• **Task directions**:
A word-for-word copy of the records below is needed, without the images.

• **Recorded data**:
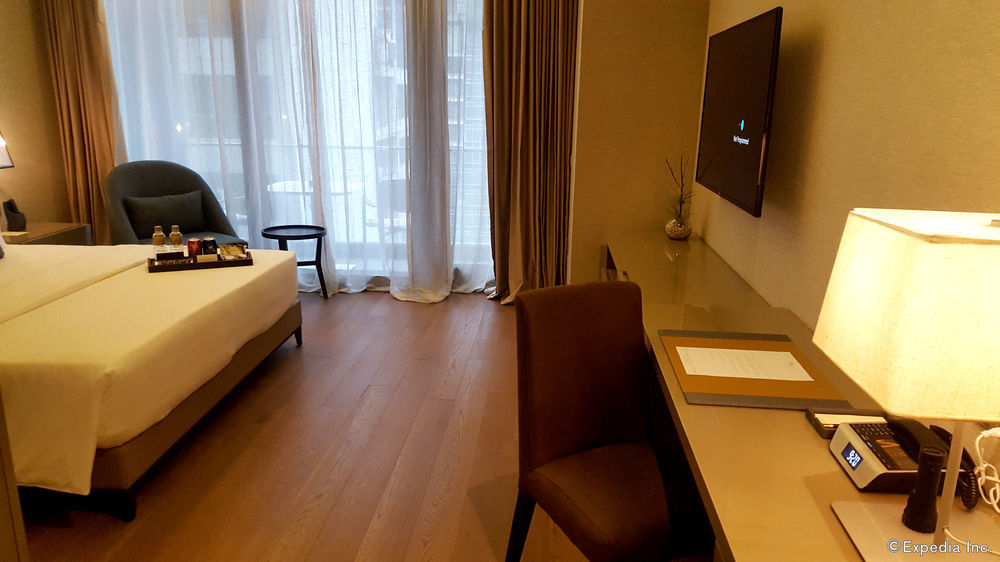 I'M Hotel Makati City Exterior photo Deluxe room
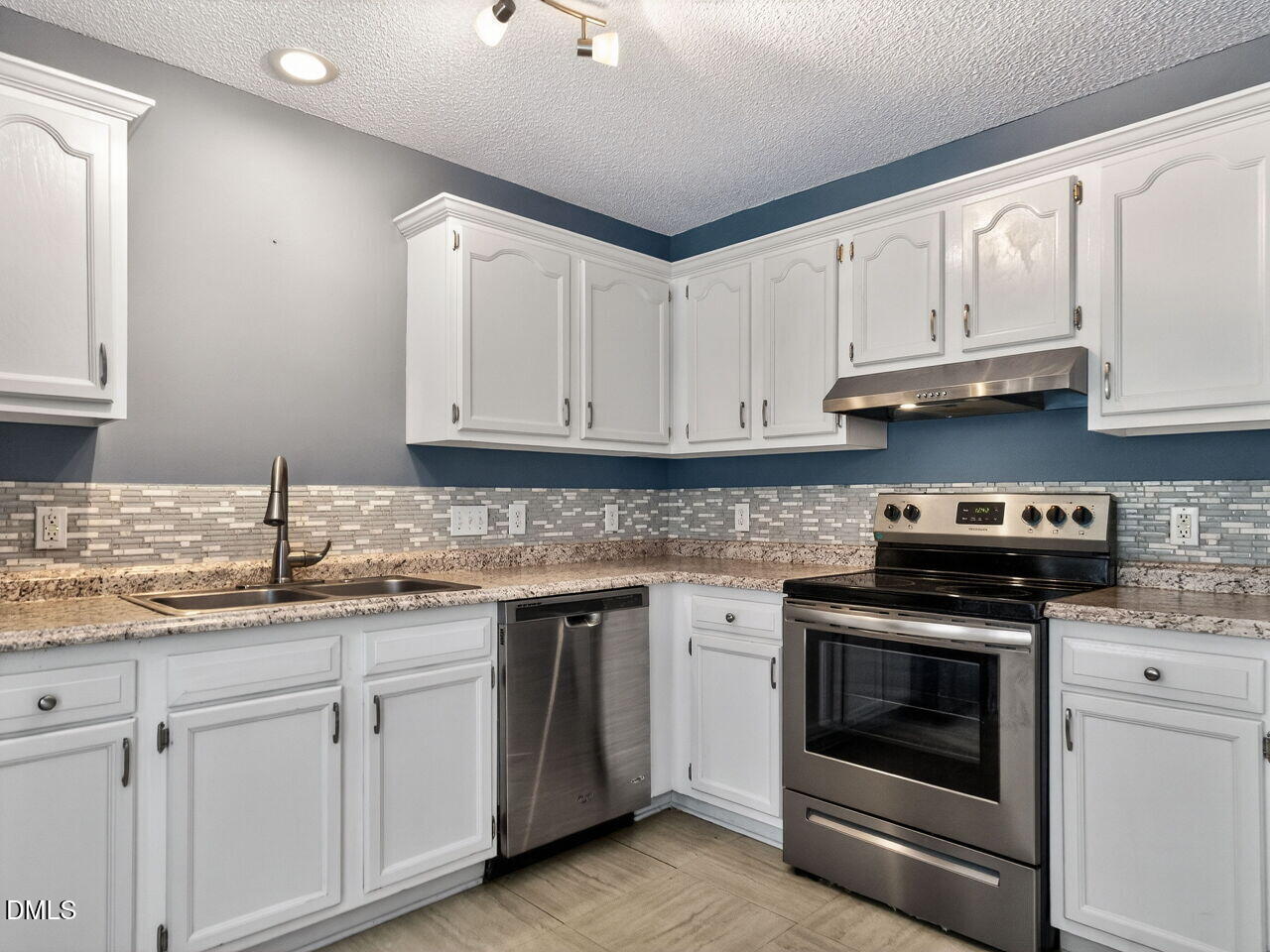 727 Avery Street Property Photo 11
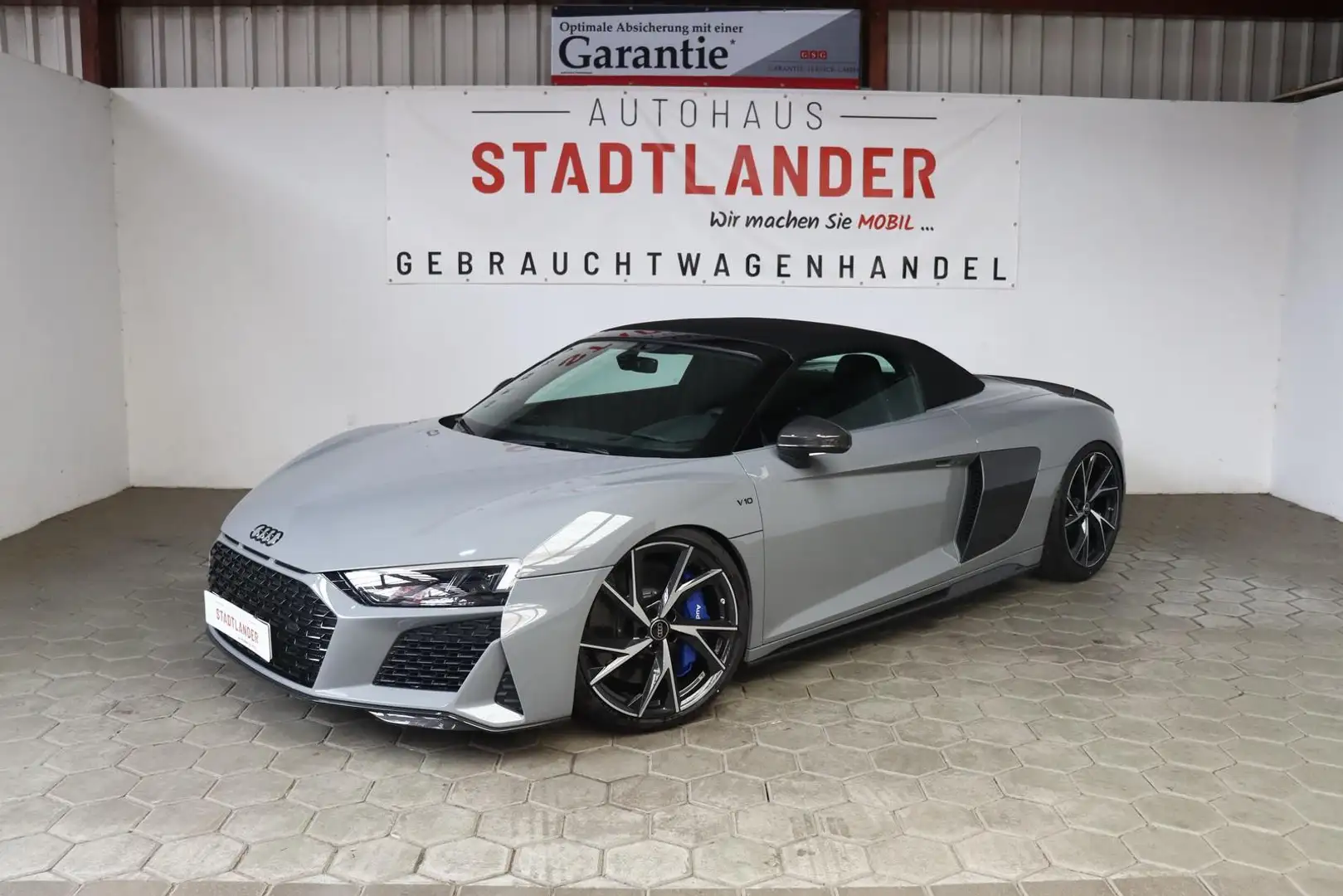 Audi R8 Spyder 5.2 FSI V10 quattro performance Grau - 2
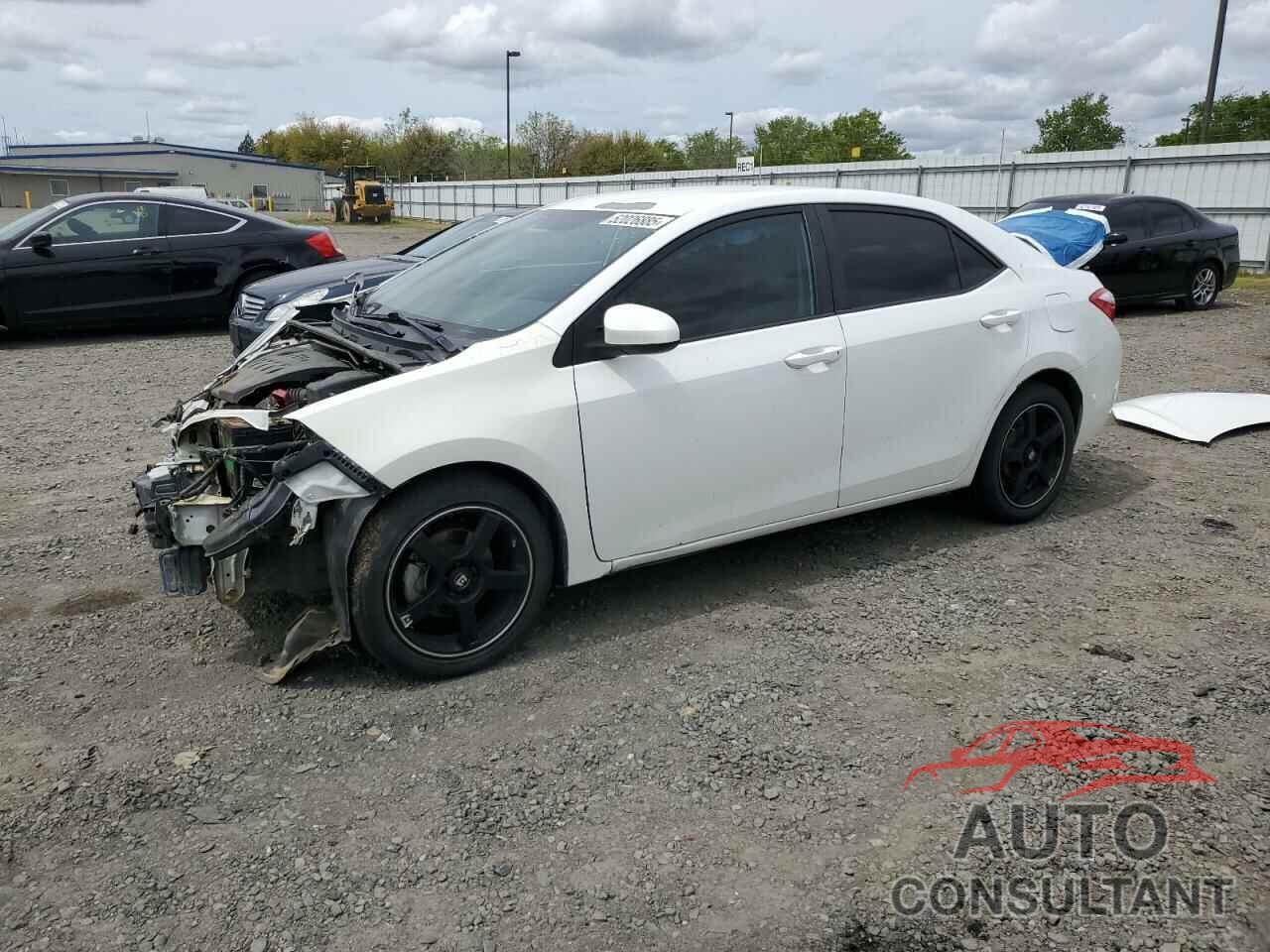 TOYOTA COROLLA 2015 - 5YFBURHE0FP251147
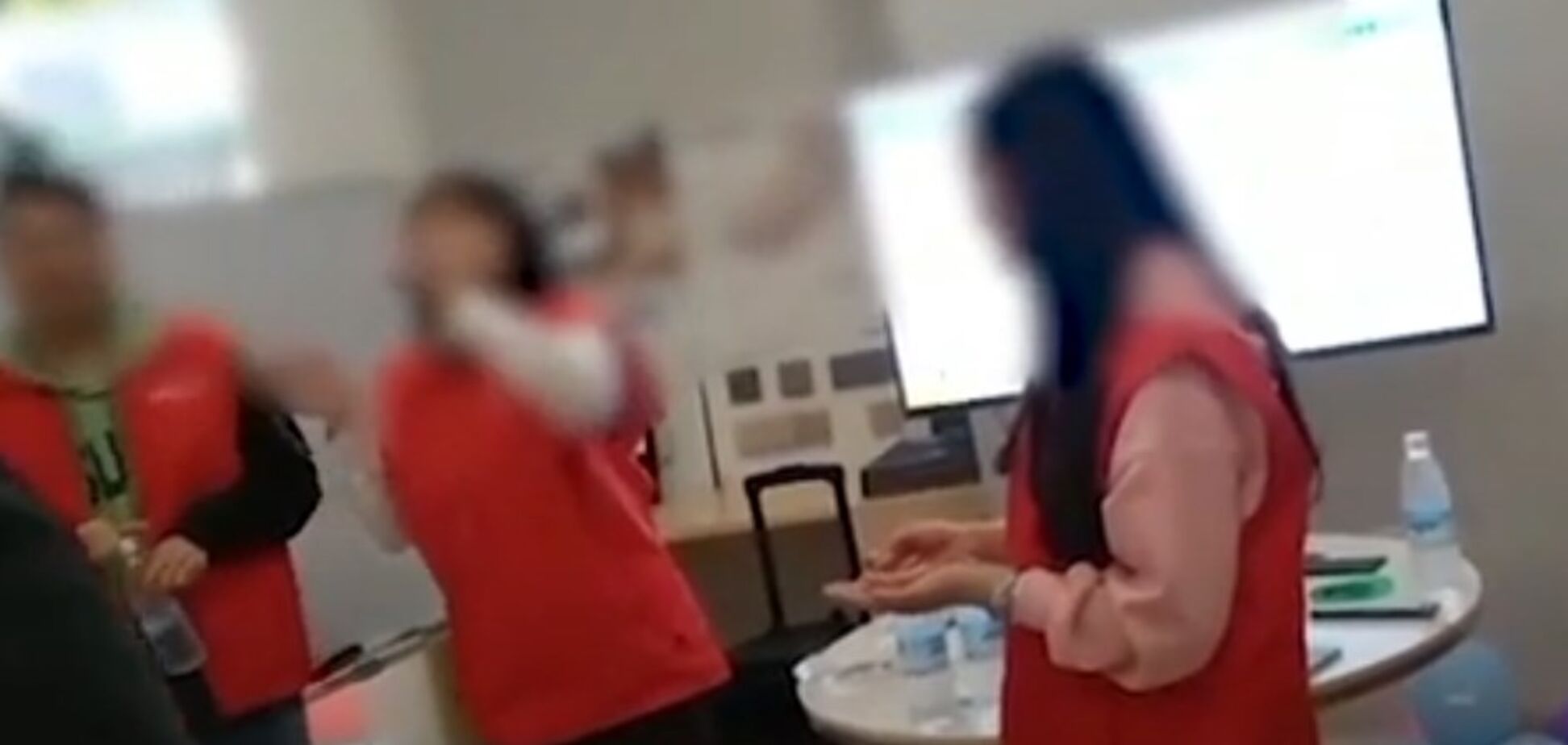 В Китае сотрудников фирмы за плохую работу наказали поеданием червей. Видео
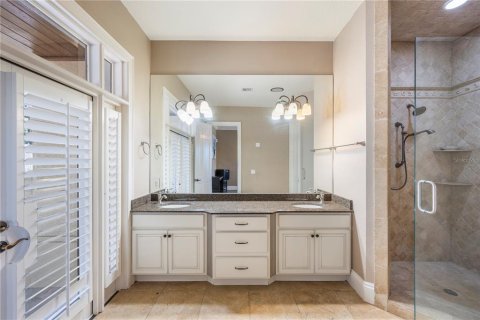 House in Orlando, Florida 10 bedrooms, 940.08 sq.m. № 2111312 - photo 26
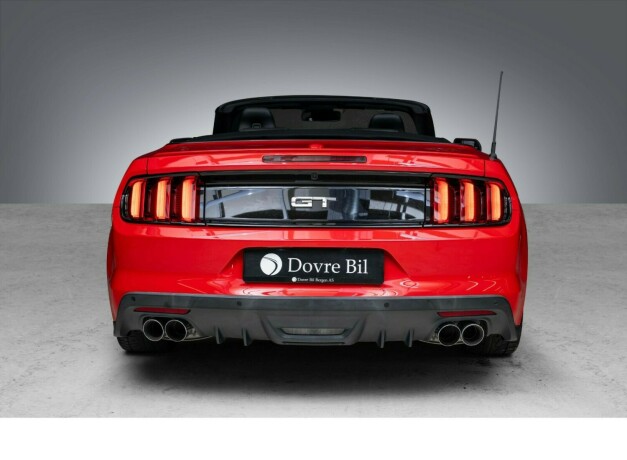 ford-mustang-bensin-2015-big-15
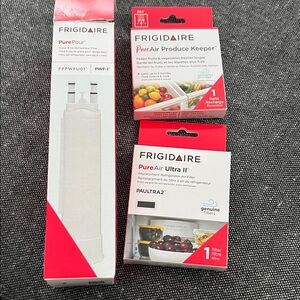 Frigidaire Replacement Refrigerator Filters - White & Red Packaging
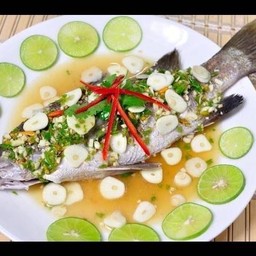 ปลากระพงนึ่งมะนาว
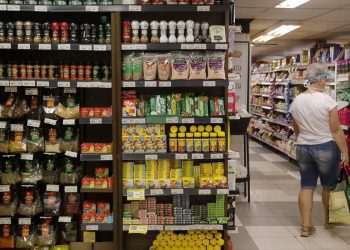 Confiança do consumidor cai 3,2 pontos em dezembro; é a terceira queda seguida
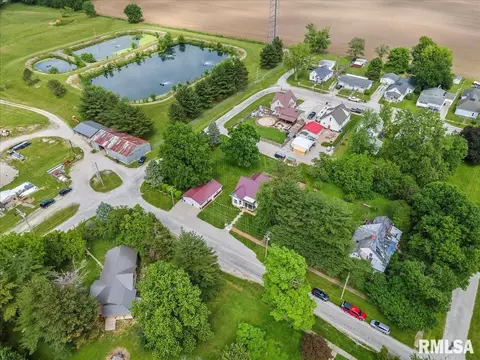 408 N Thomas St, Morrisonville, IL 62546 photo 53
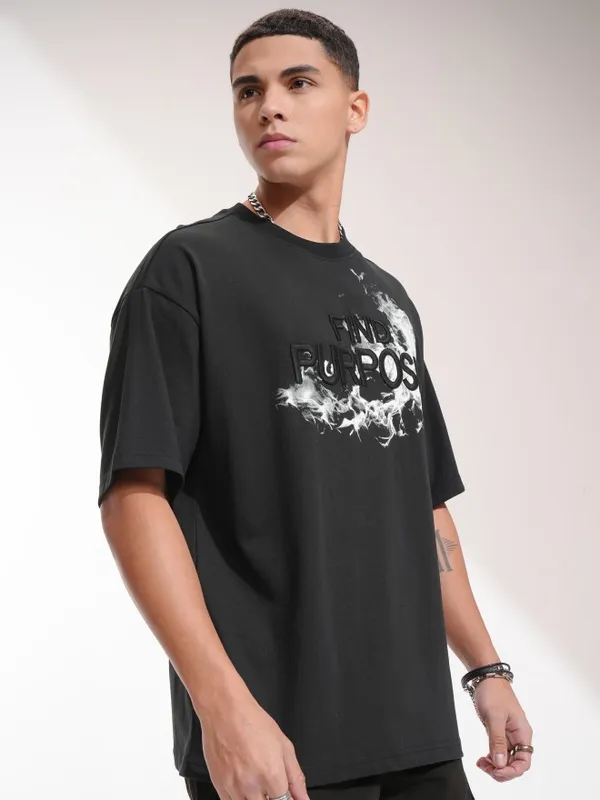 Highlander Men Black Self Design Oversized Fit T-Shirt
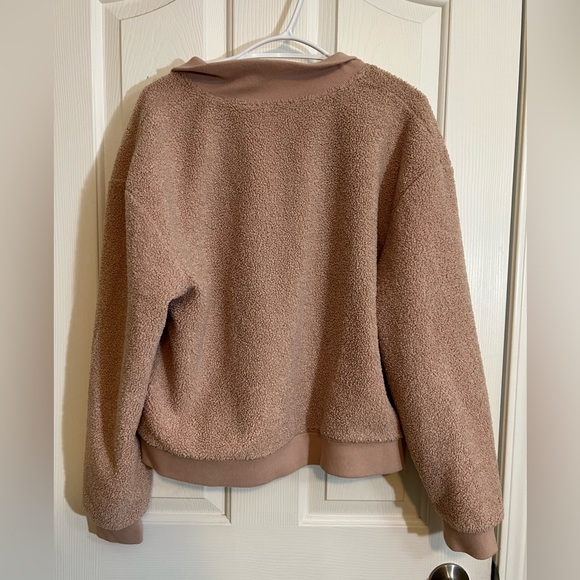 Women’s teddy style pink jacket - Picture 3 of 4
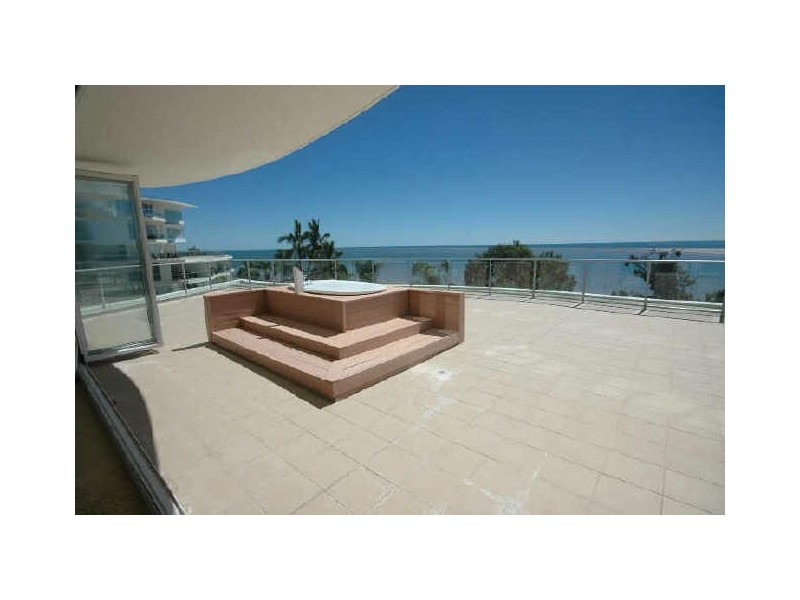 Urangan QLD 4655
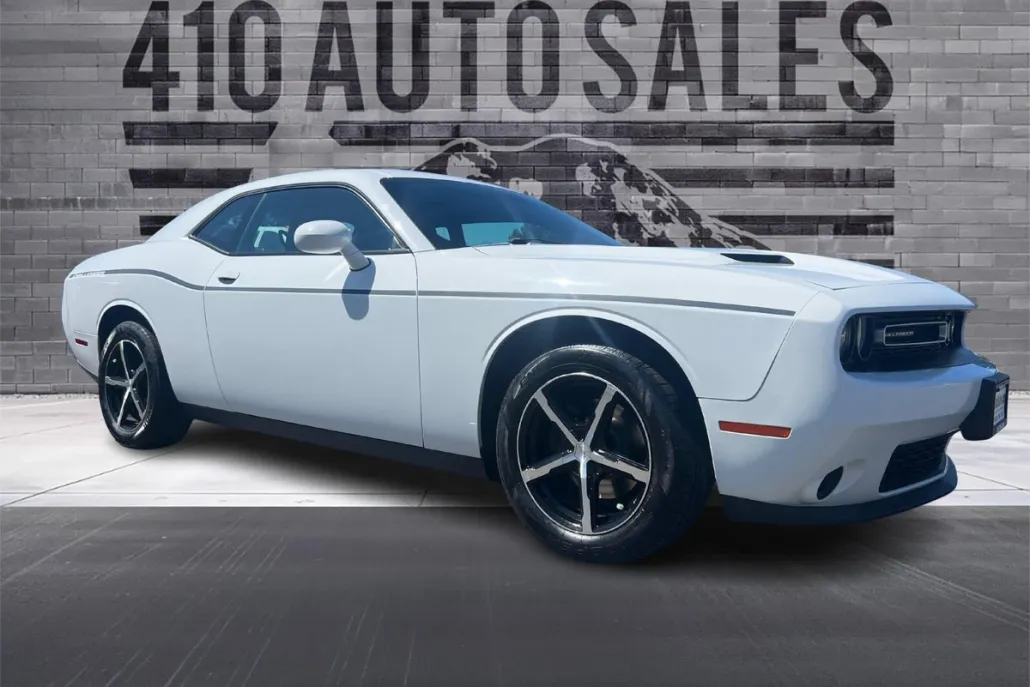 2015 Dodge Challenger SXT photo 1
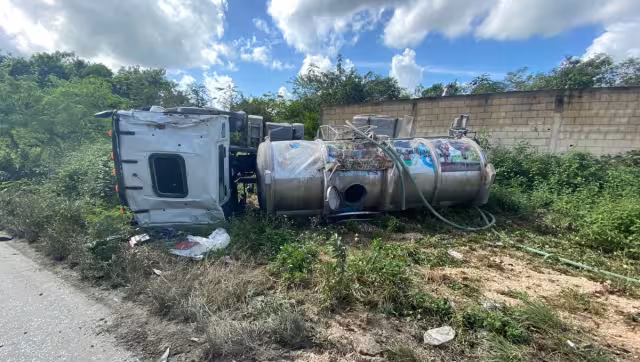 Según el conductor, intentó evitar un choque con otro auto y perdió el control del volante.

• **Exercise output**:
 I'M Hotel Makati City Exterior photo Deluxe room
 727 Avery Street Property Photo 11
 Audi R8 Spyder 5.2 FSI V10 quattro performance Grau - 2
 TOYOTA COROLLA 2015 - 5YFBURHE0FP251147
 В Китае сотрудников фирмы за плохую работу наказали поеданием червей. Видео
 House in Orlando, Florida 10 bedrooms, 940.08 sq.m. № 2111312 - photo 26
 ford-mustang-bensin-2015-big-15
 Frigidaire Replacement Refrigerator Filters - White & Red Packaging
 ปลากระพงนึ่งมะนาว
 Confiança do consumidor cai 3,2 pontos em dezembro; é a terceira queda seguida
 408 N Thomas St, Morrisonville, IL 62546 photo 53
 Highlander Men Black Self Design Oversized Fit T-Shirt
 Women’s teddy style pink jacket - Picture 3 of 4
 Urangan QLD 4655
 2015 Dodge Challenger SXT photo 1
 Según el conductor, intentó evitar un choque con otro auto y perdió el control del volante.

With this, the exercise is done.